Abby Ellin /(The New York Times)
Carmen Soto is a research scientist, with a master’s degree in ecology and natural resources from the National University of Saint Anthony the Abbot in Cuzco, Peru. In 1999, while writing her thesis on the “biological control for the potato moth and virus translocation in potatoes,” she met José Koechlin, the founder and chief executive of Inkaterra Hotels in Peru. He wanted to figure out how to control the wood weevil and moth, both of which had been attacking the eucalyptus beams and other wood used in building Inkaterra’s Machu Picchu Pueblo Hotel. He offered Soto a full-time job to help him.
Within a year, Soto was the resident biologist and orchid specialist at that hotel and at Inkaterra Asociación, the company’s nonprofit organization. Since then, she and her team of nearly a dozen workers have helped identify 372 orchid species, 22 of which are new. While continuing to identify new species of birds, butterflies and flora in the cloud forest, she also organizes specialized excursions for guests and educational workshops for area schoolchildren.
For her, it’s the ideal job. “The happiness I get being able to work in a field that I love — sustainable tourism and conservation,” said Soto, 55.
Eco-tourism has been a buzzword in the travel industry for some time now, with more and more hotels giving guests the option to reuse their sheets or to forgo housekeeping entirely in an effort to “protect the environment” (and, let’s be honest, save money). But some hotels, lodges and resorts have taken similar steps as Inkaterra, hiring scientists to conduct serious academic inquiry while also offering nature tours, workshops and classes for guests.
Hotel owners and managers say their ecological efforts trump any financial hits they may take.
“Inkaterra has always had a very important global commitment to sustainability,” said Claire Andre, the research and development manager at Inkaterra Hotels. “If taken separately it may not be economically profitable, but what we propose at each and all of our properties makes the Inkaterra experience unique, and this is what counts.”
Two years ago, Mashpi Lodge, perched at 3,117 feet and about a 3 1/2-hour drive from Quito, Ecuador, opened a research lab on its premises. The laboratory, just steps from the main lodge, is accessible to guests as well as international students working on their dissertations.
The lab is the creation of Carlos Morochz, who was hired two years before the lodge opened specifically “to conduct a thorough scientific study to fully understand the ecosystems within the reserve and gather as much information as possible about the plant and wildlife of the cloud and rainforests,” said Mashpi’s founder, Roque Sevilla. Today, Mashpi has 12 biologists on staff, and seven studies have been published about the frogs, flowers, butterflies and birds found there.
For Morochz, 32, who currently works as the lodge’s exploration manager and wildlife research director, taking a job at a hotel was a no-brainer. “You learn half in books in comparison to what you can learn in the field,” he said.
Johnny Gaskell would agree.
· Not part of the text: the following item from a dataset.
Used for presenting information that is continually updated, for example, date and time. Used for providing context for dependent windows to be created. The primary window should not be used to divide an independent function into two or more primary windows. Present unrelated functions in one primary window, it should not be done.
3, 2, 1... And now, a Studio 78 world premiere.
Gaskell, 38, is one of six full-time marine biologists at Daydream Island Resort, in the middle of Australia’s Great Barrier Reef. As Daydream’s Living Reef Manager — that’s his official title — he is responsible for the resort’s reef restoration program and protecting the creatures of the Living Reef, one of Australia’s largest man-made living coral reef lagoons. He also runs the Reef After Dark program, when he’ll jump into the ocean at night and livestream his findings onto a giant screen for guests.
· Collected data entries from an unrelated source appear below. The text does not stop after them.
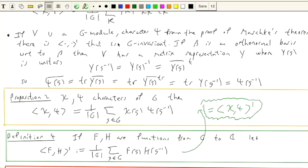This motivates something useful for the proof. If you have two class functions from the group to the complex numbers, we're going to define a bilinear form. I'll define it like this: f, g mapped to the sum of f(g) * h(g inverse). I don't know if it's an inner product because these are not necessarily class functions, but I'm going to define it like that.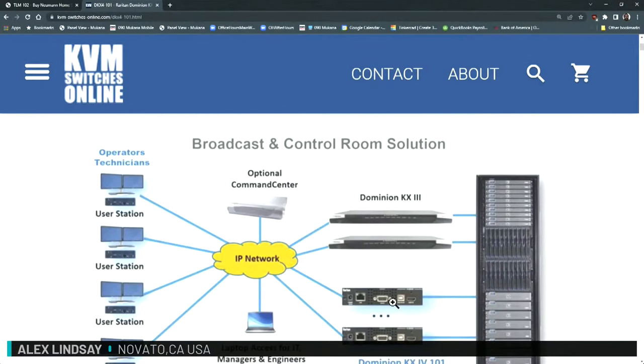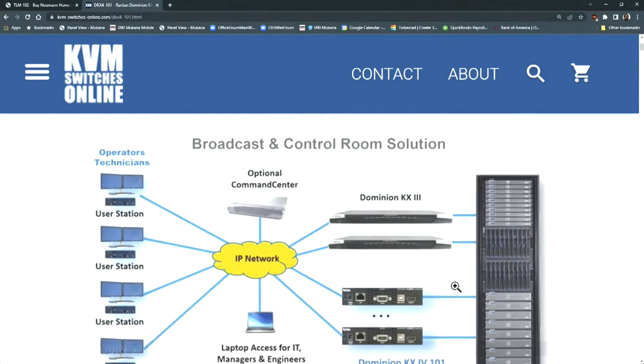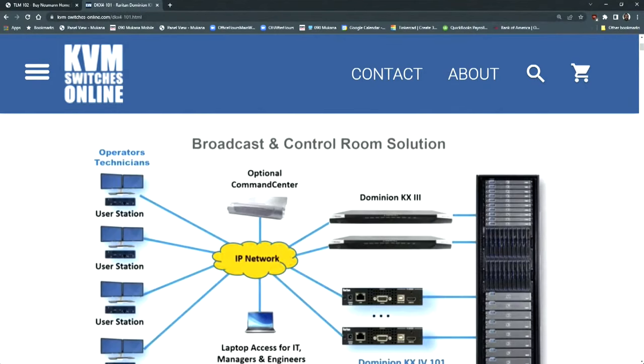It is definitely overkill for a local setup. It may work for doing what we're doing, but I don't know if it'll work for a Mac.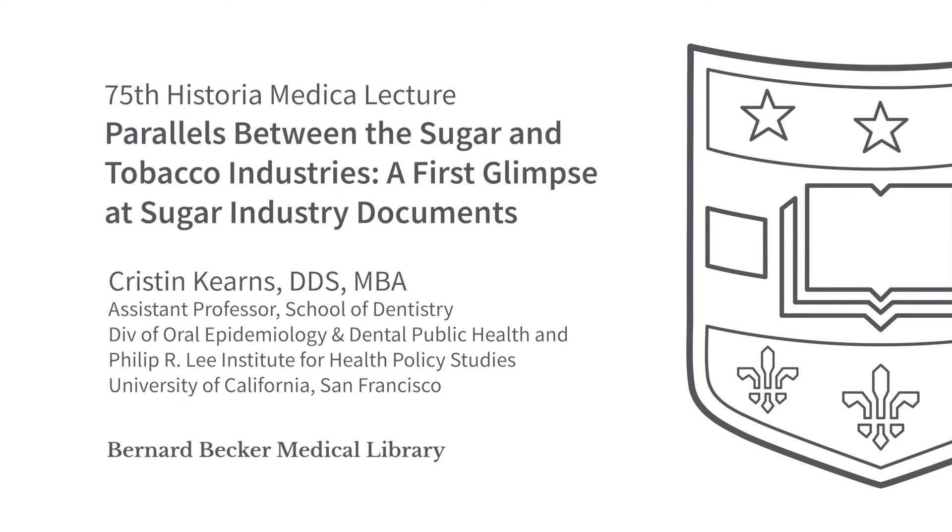This is the 75th lecture that the Becker Library has sponsored for this ongoing series of talks on the history of medicine. We're very thrilled to have a fantastic speaker this afternoon, Dr. Kristen Kearns, Assistant Professor in the Department of Preventive and Restorative Dental Sciences and the Philip R. Lee Institute for Health Policy Studies at the University of California, San Francisco.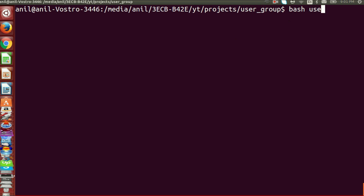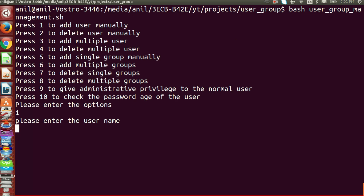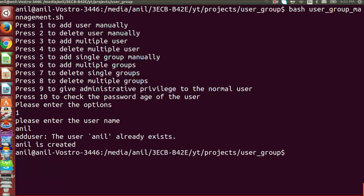In this demo video we are going to learn about adding a user using shell scripting. The first option is used to add a single user, and the remaining options we are going to learn in upcoming videos. If you want to learn shell scripting in detail, please check the link in the description box. Thank you.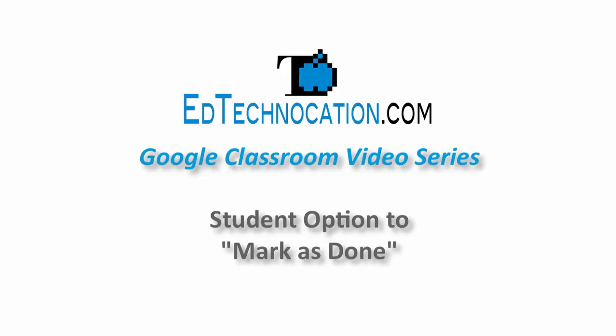Hello and welcome to another video tutorial by edtechnocation.com. This video is part of my Google Classroom video series in which I showcase some of the lesser known features of Classroom.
“My passion is ocean exploration and marine life education,” said Gaskell, who’s credited with identifying the Great Barrier Reef’s “Blue Holes,” or sinkholes, where healthy coral has been found. “I’m able to do both of these through my current role. I don’t mind academic work and often contribute, but I’d pick a trip out to the reef exploring with no set purpose or agenda any day.”
In many instances, guests can help conservation efforts.
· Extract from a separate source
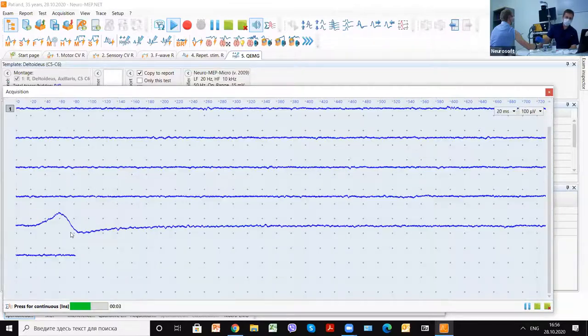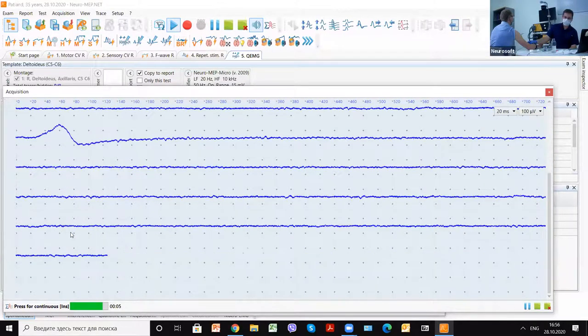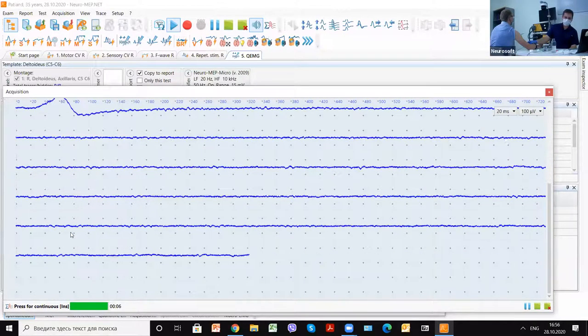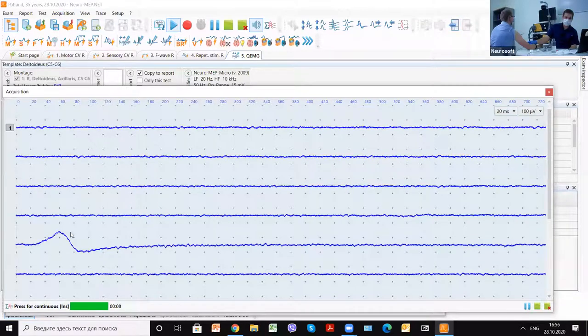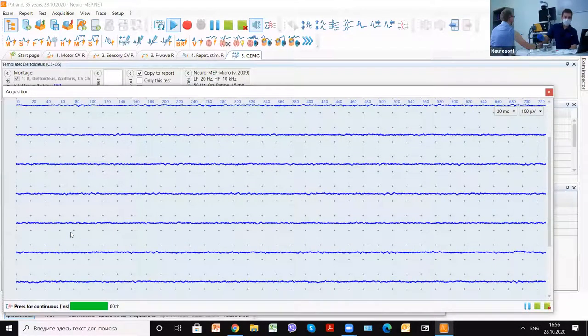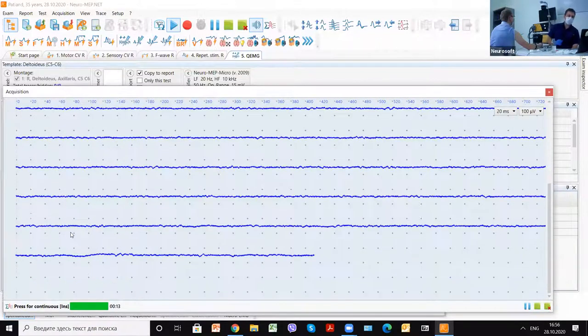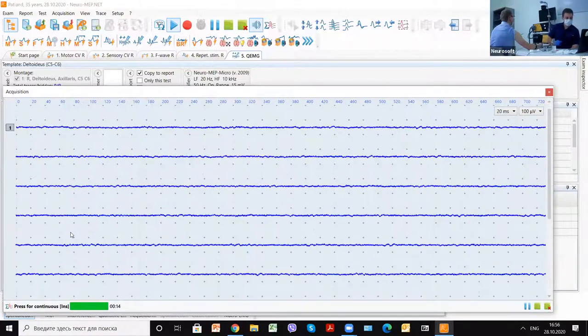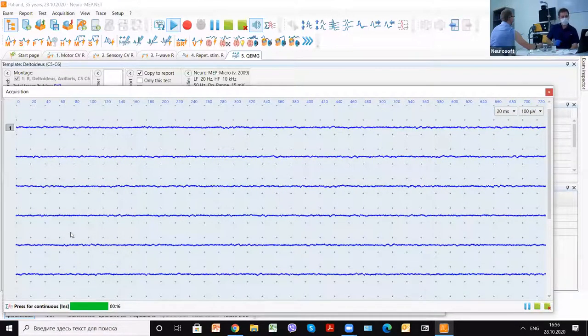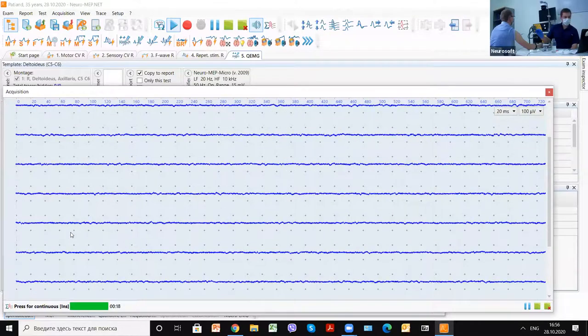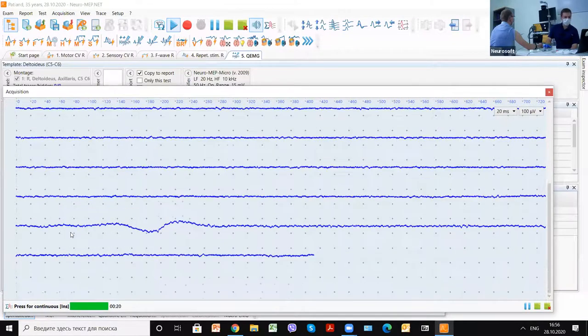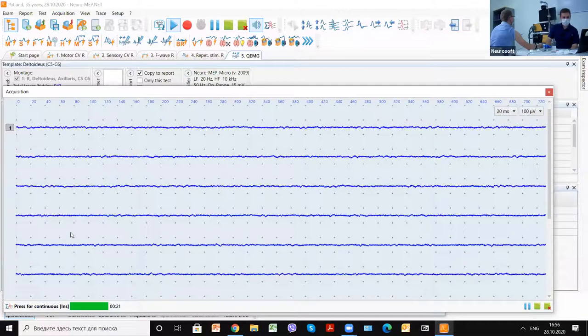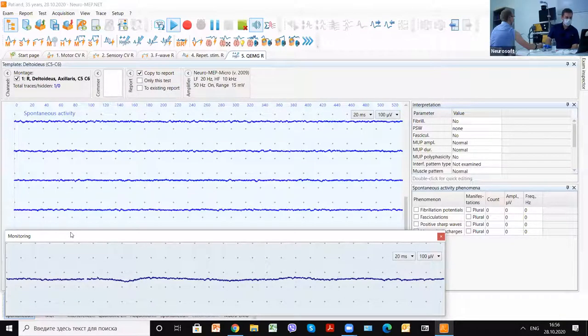We can relax a little bit more. We continue looking for the spontaneous activity in this position of the needle. We don't have any spontaneous activity registered.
In 2016, the Maldives had an El Niño event that raised ocean temperatures so high that about 60% of the surrounding coral reefs were damaged.
That’s where Eleanor Butler, the resident biologist at Soneva Jani resort, comes in.
Under Butler’s tutelage, the resort is inviting guests to help restore the coral.
“This involves taking fragments of coral which have naturally broken from the reef, and attaching them to a rebar frame before placing it in the water,” said Butler, 26. “The guest will have their name tag attached to the frame and receive biannual updates on the health and growth of the coral.”
The way she sees it, she’s able to reach more people, about climate change and the importance of reefs, than if she were working in academia.
“I have the opportunity to meet and share my knowledge with young children with a passion to learn, who may grow up to become conservationists and game changers, to figures who already have an influence in politics and legislation,” she said. “I would not be able to see these positive changes from a position inside a laboratory.”